“Quite true,” admitted Allison. “However, I beg you to take notice that, with the international complications now about to set in, your government has reached its logical moment of disintegration. Your colonies and dependencies are only waiting for your startlingly shrunken naval and land forces to be embroiled in the first war which will concentrate your fighting strength in one spot. When that occurs, you will have revolutions on your hands in a dozen quarters of the globe, so scattered that you can not possibly reach them. India will go first, for she thirsts for more than independence. She wants blood. Your other colonies will follow, and your great shipping interests, your transportation lines, your commercial ramifications in all parts of the globe, will be crushed and crumbled, for the foundation upon which they rest has long ago fallen into decay. Your country! Your country is already on the way to be crippled on the land and swept from the sea! I know the forces which are at work; the mightiest forces which have ever dawned on the world; the forces of twentieth century organised commerce!”

The banking gentleman drew a long breath.

“What you predict may not come to pass,” he maintained, although the secret information which had brought him to Allison had prepared him to take every statement seriously.

“I can show you proofs! The war which is to be started next month is only the keystone of the political arch of the entire eastern hemisphere. There are a dozen wars, each bigger than the other, slated to follow, if needed, like the pressing of a row of electric buttons. Knowing these things as you shall, it is only a question of whether you will be with me on the crest, or in the hollow.”

The caller moistened his lips, and turned his gaze finally from the glowing coals to Allison’s face.

“Show me everything you know,” he demanded.

They sat together until morning, and they traversed the world; and, when that visitor had gone, Allison gave his globe a contemptuous whirl.

The balance of them were but matters of detail.
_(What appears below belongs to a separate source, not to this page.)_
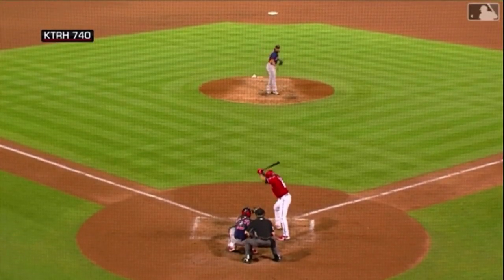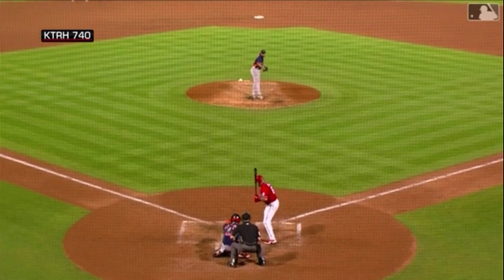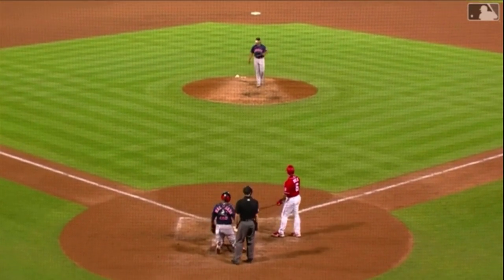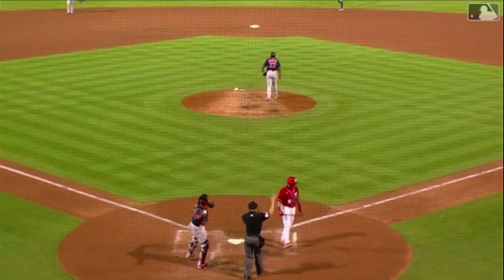Garcia's first pitch, and that's a strike on the inside corner. The 0-1 to Avila. There's the breaking ball, strike on the outside corner. The 0-2. Swing and a foul tip into the glove of Maldonado.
With a certain prideful arrogance, of which he himself was aware, he reflected that now he could almost leave these minor powers and potentates and dignitaries to a secretary, but nevertheless he saw them all. One by one they betrayed their countrymen, their governments, their ideals and their consciences, and all for the commodity to which Allison had but to add another cipher when it was not enough! It was not that there were none but traitors in the world, but that Allison’s agents had selected the proper men. Moreover, Allison was able to show them a sceptre of resistless might; the combined money, and power, and control, and wide-reaching arms of the seven greatest monopolies the world had ever known! There was no strength of resistance in any man after he had been brought, face to face, with this new giant.

It was in the grey of one morning, when Allison was through with his last enforced collaborator, and, walking over to his globe, he twirled it slowly. It was lined and streaked and crossed, over all its surface now, with red, and it was the following of this intricate web which brought back to him the triumph of his achievement. He had harnessed the world, and now he had but to drive it. That was the next step, and he clenched his fist to feel the sheer physical strength of his muscles, as if it were with this very hand that he would do the driving.

Intoxicated with a sense of his own power, he went back into his study, and drew from a drawer the photograph of a young and beautiful girl, who seemed to look up at him, out of an oval face wreathed with waving brown hair, and set with beautifully curved lips which twitched at the corners in a half sarcastic smile, from two brown eyes, deep and glowing and fraught with an intense attractiveness. Every morning he had looked at this photograph, the priceless crown of his achievement, the glittering jewel to set in the head of his sceptre, the beautiful medallion of his valour!